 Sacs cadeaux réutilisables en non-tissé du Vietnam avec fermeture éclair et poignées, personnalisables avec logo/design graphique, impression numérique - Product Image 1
* * *
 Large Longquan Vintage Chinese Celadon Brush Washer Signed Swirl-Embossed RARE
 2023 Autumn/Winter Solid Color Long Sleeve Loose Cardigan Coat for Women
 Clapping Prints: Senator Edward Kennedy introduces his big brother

*WHAT YOU NEED TO DO*
From the records above, transcribe without alteration every line from the one with "2023 Autumn/Winter Solid" to the one with "Clapping Prints: Senator", inclusive.

*YOUR SOLUTION*
 2023 Autumn/Winter Solid Color Long Sleeve Loose Cardigan Coat for Women
 Clapping Prints: Senator Edward Kennedy introduces his big brother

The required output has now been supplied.